Most people arrive in town for a SABR convention mid-day on Wednesday to get settled in and catch up with old friends before the festivities officially begin on Thursday. Alas, for me, due to real-world responsibilities, I couldn’t make it until late Thursday night, thus missing the first day and a half.
Ah, well. At any rate, I was going to take a connection flight from Chicago to Cincinnati to Philly (it’s cheaper than a direct flight, and I’m all about being cheap), and I went to print up my boarding pass on Wednesday.
Huh, that’s funny. They misspelled my name, “Jaffee.” Two “e”s is a common misspelling, but would that cause problems at the airport tomorrow, either going through security or at the terminal itself? Better find out, so I called the airline.
After some back and forth, they told me it wasn’t a problem. Apparently, someone mistakenly put my middle initial (also an “E”) at the back of Jaffe. That’s no problem to fix, they said. “Is there anything we can help you with, Mr. Christopher?”
Wait, Mr. Christopher? Why are you calling me by my first name like it’s my last name? Now it was their turn to be surprised, because they had Jaffe as my first name and Christopher as my last name. Yeah, I noticed it said “Jaffee Christopher,” but I figured this was some sort of situation where they intentionally transposed the name. You do run into that on occasion in some official forms.

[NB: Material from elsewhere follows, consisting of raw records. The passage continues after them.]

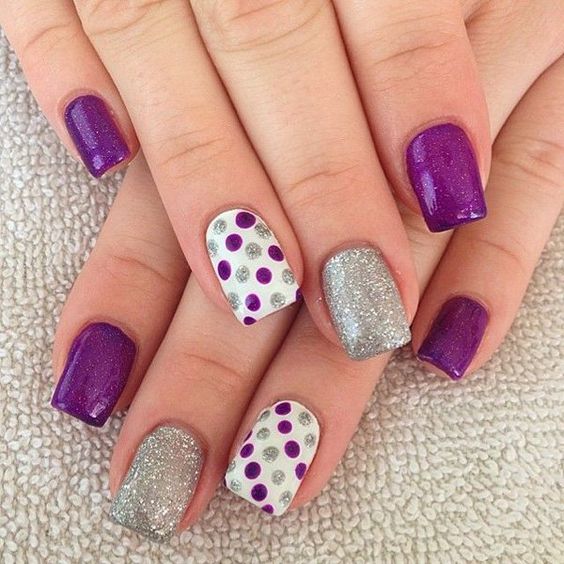 nail design trends violet polka dots spring 2018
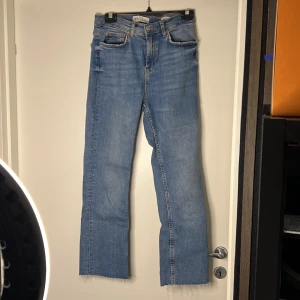Jeans Zara - Bootcut jeans från Zara i strlk 38. Sällan använda.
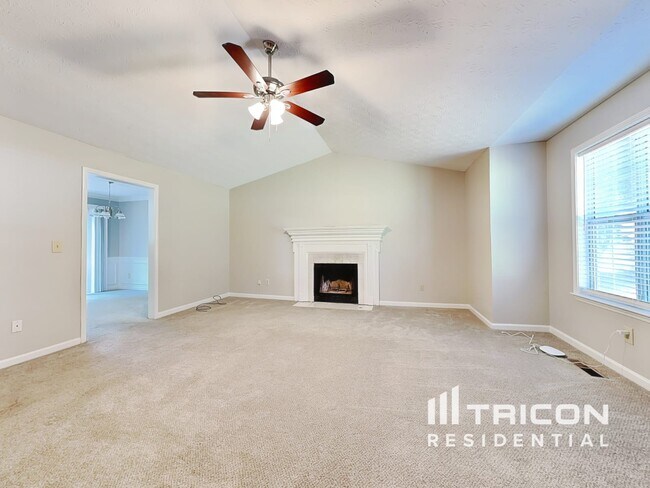 Foto del edificio - 4684 Woodglen Ct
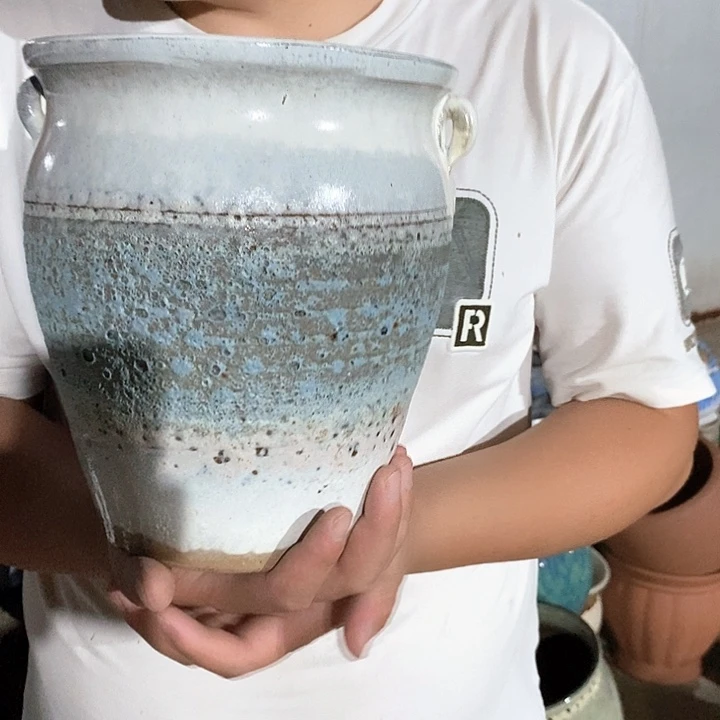 紫砂花盆口18高22瑕疵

And unlike the extra “e,” this was a problem. A fixable problem, but they had to reenter me in the system, and because it’s 2013, that means it would cost me some money to get it done.
There wasn’t much I could do. I had to pay the extra money. It’s not like I could threaten to get to Philly on short notice with a trusty pogo stick or a giant catapult or a big, friendly bird. They said their records had my name transposed, and I made a note to take it up with the travel website I made my reservations with, but when I checked, it turned out that I apparently typed my name in wrong there. When I booked my flights a month ago, the site’s confirmation email called me “Jaffe Christopher,” and I just didn’t notice.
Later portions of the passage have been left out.